湯原修一の歓喜悦慶と聊かの慷慨憂愁, etc.

いつとはなしに眠りにおち微風を禿頭に感じて目が覚める。
このような生活に変わったらブログが更新されないかもしれません。

◇(♥) 食事中の会話(無言の食事)

2016年02月15日 23時53分36秒 | ちょっとした出来事?
とある外食チェーン店に一人で入ったときのこと。

  特に腹が減っていたわけではなく、休息のためでしたので
  中ジョッキ一杯と餃子一皿を頼みました。

周りを見ると、
私の右横の二人掛け席に夫婦連れ、
左斜め向こうの席にも夫婦連れが座っていました。
見るともなく顔を見ると、どちらも私と同年輩の方々のようでした。
まだ注文された料理がきていないようでした。

私が頼んだものが来て、
例によって、好物の酢をドバドバ入れた小皿で餃子を食べながら、
雑誌を読んでいました。
(6個の小さい餃子を食べるのに、酢を4度も足し加えました)
  

ふと、何かしらの不自然さを覚えて顔を上げました。

夫婦連れの席を見ました。
既に料理が運ばれてきており黙々と食事中でした。

何もおかしなところはありませんでした。

  雑誌に視線を戻しました。
  読んでいても、何か気になりました。

再び顔を上げ、夫婦連れを見て、
そして解かりました。
私が気になっていたもの(こと)が。

 隣の夫婦も、斜め向かいの夫婦も
 黙々と箸を動かし、口も動いているようでしたが、
 全く会話をしていなかったのです。
 気付かなかったので、
 おそらく料理がきたときの店員さんとの会話もなかったものと
 思われます。
  もちろん「いただきます」の一言も ・・・

 特に聞き耳をたてていたわけではありませんが、
 気になってからは、いつ言葉が交わされるか注意していました。
 食べ終わるまで一言も発せられませんでした。
  (私の周りは無声映画の世界だったのです)

 隣の席では、食事が終わるとご主人が注文票を手に取り
 黙って奥様へ渡しました。
 奥様はそれを黙って受け取りレジへ向かわれました。

   食べ終わっていた私もその後に続きましたが、
   レジでの様子で、聾唖の方でないことは確認できました。


どちらの夫婦も、食事中は硬い表情のままでした。
一語も発せられないままで店を出て行かれました。


そういえば、私が小学生の頃は
給食時間中に話をすると先生に叱られていた、という憶えがあります。
当時は食事中の会話はマナー違反だったのでしょうか?

今でもそうなんでしょうか?


食事中における会話の是非については色々な意見があるようです。

 会話はダメだという意見では、次のようなものがあります。

  食事中は食事に集中すべし。
  食べ物はみな命を持っていた、その命をいただくから
   「いただきます」というのだ。
   「ごちそうさま」は、駆け回って食材を調達して
   食事を準備して頂きありがとうございます、の意味がある。
  会話をするなら食事後のコーヒータイム(日本茶時間)で。

 しかし、現在の大勢の意見は食事中のゆっくりした会話を奨めています。
 楽しい会話は食事を一層おいしく感じさせ、胃にも良いそうです。
   ただし、口をモグモグさせたままで話すことは御法度で、
   内容が「宗教」、「政治」、「他人の悪口」などのものは
   避けたほうがよいようです。


    押し黙ったまま食事をされた二組の夫婦は
    どんなときに会話をされているのでしょうか?
    笑顔を見せあうことがあるのでしょうか?

    ときどき口げんかするような夫婦よりも
       寂しそうに思えました。


・・・・・・・・・・・ ギャラリー 042 (会話しながら(?)食事をしている絵) ・・・・・・・・・・・

                  ライセンス(3点とも): (パブリック・ドメイン)

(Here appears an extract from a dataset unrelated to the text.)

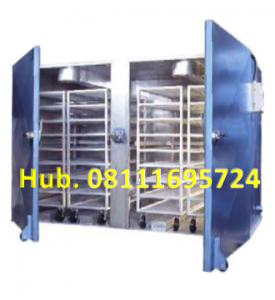 Oven Pengering Singkong - Mesin Pengering Singkong 3 Ton (tergantung density)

              ※紫色の会話部分等は私の妄想です。

 ■タイトル:舟遊びの昼食(Luncheon of the Boating Party)
          ※この絵の掲載は2回目になります。

 ・画家:ピエール=オーギュスト・ルノワール(Pierre-Auguste Renoir)
 ・制作年:1880年-1881年
 ・収蔵:フィリップス・コレクション<ワシントンD.C.>

   ・画面右に立っている茶髪の色男: 『どこか静かな所に行かない?』
   ・振り向いた女: 『私を誘っているの?』
   ・右手前の黄色い帽子の男: 先を越されて悔しいが、何でもないフリ
   ・手すりに肘をついて黄色い帽子を被った女: 
     (私の次はあのこ(娘)を誘っているわ)
     (どうせだめで、最後にいくのは犬がお相手してあげてる娘のとこかしら)
   ・犬とキスしそうな女:
     (私を後回しにするなんてバカにしてるわ。 ネー(と犬に相槌を求める))
     (隣に木偶の坊(空のグラスに気付かない)が突っ立っていたからかしら)
   ・左に立っている大男(木偶の坊と見なされた男):
      腹いっぱいで、何も考えていない 



 ■タイトル:エマオの晩餐(Supper at Emmaus)

 ・画家:カラヴァッジオ(Caravaggio)
 ・制作年:1601年
 ・収蔵:ナショナル・ギャラリー<ロンドン>

   ※イエス・キリストと弟子が描かれたものです。畏れ多いので妄想はやめます。
   ※右手前の果物籠の中にある濃色の葡萄は「死」を、
     薄色の葡萄は「復活」を、ザクロは「イエス自身」を、
     林檎は「罪」を象徴しているそうです。
     そして籠の横に伸びる不思議な形の影は
     キリスト教のシンボルでもある "魚" を表しているそうです。

 ■タイトル:食事をする二老人(Two Old Men Eating)

 ・画家:フランシスコ・デ・ゴヤ(Francisco Goya)
 ・制作年:1821年-1823年
 ・収蔵:プラド美術館<マドリード>

   ※ゴヤさんが晩年に描かれた一連の黒い絵(Pinturas negras)の中の一つ。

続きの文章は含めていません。